- Stored items
----

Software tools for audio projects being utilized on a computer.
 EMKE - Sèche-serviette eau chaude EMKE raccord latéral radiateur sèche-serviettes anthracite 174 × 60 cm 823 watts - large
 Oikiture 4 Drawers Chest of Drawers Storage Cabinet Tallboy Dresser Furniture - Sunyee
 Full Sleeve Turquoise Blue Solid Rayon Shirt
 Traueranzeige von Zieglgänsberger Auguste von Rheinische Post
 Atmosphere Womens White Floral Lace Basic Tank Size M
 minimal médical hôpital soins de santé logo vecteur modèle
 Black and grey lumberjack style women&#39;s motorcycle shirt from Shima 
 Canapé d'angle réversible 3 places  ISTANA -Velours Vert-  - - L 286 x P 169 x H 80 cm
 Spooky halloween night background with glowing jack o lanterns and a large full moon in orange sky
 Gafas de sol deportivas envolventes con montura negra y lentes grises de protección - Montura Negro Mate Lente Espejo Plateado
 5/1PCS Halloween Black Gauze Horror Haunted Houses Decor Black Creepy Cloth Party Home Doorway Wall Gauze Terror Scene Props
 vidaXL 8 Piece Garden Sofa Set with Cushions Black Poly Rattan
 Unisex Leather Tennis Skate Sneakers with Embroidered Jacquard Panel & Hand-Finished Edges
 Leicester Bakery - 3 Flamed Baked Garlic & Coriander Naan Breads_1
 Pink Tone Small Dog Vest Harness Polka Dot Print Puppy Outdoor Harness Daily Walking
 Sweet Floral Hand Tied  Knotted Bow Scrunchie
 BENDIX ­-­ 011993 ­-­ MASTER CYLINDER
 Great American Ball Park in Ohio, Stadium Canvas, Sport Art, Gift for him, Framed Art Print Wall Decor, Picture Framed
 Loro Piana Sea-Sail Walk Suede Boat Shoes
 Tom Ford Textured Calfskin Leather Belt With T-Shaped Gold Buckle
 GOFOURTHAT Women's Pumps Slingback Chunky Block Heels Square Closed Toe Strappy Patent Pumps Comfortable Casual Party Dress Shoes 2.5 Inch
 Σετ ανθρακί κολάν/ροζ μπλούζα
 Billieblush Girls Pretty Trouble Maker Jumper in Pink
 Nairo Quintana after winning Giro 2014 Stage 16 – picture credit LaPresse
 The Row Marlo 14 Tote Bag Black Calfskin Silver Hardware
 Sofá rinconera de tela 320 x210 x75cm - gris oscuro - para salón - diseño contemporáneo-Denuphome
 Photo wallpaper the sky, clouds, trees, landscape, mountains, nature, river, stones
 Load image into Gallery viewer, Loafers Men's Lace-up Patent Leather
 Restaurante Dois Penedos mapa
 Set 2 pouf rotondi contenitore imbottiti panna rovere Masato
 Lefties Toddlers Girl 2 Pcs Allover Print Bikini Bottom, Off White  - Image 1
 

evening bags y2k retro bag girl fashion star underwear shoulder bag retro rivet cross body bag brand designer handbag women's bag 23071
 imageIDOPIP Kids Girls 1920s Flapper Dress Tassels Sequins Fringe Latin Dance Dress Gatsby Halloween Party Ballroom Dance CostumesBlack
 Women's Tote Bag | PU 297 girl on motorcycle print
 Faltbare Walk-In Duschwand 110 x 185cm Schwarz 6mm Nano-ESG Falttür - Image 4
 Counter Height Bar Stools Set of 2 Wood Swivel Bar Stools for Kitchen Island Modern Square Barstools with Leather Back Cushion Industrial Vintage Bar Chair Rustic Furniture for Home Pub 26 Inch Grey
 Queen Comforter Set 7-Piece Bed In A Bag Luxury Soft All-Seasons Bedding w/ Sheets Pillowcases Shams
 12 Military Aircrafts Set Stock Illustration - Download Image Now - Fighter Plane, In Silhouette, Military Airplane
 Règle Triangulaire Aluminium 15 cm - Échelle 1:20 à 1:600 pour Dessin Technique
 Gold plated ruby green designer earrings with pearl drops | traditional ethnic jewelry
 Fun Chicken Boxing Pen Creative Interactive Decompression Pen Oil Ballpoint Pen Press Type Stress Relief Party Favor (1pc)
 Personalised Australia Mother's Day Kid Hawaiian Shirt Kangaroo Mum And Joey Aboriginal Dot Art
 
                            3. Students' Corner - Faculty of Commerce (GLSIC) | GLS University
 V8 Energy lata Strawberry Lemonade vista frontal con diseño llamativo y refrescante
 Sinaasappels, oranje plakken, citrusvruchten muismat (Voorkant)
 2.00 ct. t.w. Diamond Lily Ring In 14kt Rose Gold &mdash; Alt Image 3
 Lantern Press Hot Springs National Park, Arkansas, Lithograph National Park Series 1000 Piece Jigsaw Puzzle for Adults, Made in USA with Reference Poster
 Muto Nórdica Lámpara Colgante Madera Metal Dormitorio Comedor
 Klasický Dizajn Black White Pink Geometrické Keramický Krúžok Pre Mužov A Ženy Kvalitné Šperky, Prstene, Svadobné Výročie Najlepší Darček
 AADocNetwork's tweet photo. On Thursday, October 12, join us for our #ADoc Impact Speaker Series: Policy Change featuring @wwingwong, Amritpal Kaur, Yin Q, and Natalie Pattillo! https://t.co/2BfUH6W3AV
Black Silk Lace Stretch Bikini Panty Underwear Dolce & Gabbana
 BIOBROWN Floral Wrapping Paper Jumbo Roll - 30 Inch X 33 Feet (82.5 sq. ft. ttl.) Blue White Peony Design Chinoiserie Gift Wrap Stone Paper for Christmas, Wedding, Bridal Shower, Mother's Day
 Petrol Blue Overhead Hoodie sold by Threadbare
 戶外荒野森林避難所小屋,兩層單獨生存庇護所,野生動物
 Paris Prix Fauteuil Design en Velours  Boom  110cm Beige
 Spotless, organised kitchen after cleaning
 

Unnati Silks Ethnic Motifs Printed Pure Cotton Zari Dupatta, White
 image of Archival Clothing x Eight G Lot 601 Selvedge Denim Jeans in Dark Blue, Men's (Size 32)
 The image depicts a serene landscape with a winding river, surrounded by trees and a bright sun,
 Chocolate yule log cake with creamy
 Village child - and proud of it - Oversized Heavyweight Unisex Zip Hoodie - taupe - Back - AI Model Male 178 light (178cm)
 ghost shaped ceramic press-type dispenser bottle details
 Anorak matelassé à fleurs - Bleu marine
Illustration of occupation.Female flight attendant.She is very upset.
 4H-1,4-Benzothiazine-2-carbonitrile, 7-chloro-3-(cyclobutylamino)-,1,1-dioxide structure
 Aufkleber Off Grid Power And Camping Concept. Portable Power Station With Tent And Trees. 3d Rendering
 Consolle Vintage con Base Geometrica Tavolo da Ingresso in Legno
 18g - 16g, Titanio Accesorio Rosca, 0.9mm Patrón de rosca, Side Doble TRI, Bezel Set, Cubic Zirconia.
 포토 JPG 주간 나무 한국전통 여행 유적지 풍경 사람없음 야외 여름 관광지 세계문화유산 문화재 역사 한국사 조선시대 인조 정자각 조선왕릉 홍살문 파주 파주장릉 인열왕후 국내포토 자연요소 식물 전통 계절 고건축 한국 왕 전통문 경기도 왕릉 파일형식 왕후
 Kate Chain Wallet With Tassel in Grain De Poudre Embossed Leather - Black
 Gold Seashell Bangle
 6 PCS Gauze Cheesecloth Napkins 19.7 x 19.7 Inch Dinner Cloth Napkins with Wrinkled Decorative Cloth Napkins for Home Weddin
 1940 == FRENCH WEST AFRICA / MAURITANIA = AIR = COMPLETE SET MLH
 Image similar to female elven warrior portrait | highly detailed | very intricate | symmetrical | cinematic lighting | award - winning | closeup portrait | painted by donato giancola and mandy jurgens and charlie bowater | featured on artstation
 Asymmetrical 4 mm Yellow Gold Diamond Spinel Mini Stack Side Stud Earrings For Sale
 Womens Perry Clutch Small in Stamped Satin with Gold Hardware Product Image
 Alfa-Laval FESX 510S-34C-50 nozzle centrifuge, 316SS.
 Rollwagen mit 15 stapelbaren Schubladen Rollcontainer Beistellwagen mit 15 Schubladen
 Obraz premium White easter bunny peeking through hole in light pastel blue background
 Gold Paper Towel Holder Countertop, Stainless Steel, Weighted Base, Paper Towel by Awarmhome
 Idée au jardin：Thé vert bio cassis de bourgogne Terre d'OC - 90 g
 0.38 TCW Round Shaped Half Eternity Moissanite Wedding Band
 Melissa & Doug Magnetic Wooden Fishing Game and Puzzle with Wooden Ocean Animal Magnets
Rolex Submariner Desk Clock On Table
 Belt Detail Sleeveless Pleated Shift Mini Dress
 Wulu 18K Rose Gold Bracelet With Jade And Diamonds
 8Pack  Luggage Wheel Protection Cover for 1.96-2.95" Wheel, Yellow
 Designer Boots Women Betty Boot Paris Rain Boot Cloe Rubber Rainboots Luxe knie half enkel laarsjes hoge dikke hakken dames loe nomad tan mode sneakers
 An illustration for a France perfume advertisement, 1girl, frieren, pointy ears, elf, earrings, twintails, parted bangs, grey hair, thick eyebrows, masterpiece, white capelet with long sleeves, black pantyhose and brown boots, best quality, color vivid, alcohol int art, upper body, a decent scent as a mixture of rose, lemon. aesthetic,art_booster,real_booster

----

Find the word "large" in the entries, then copy out every line that has it.

 EMKE - Sèche-serviette eau chaude EMKE raccord latéral radiateur sèche-serviettes anthracite 174 × 60 cm 823 watts - large
 Spooky halloween night background with glowing jack o lanterns and a large full moon in orange sky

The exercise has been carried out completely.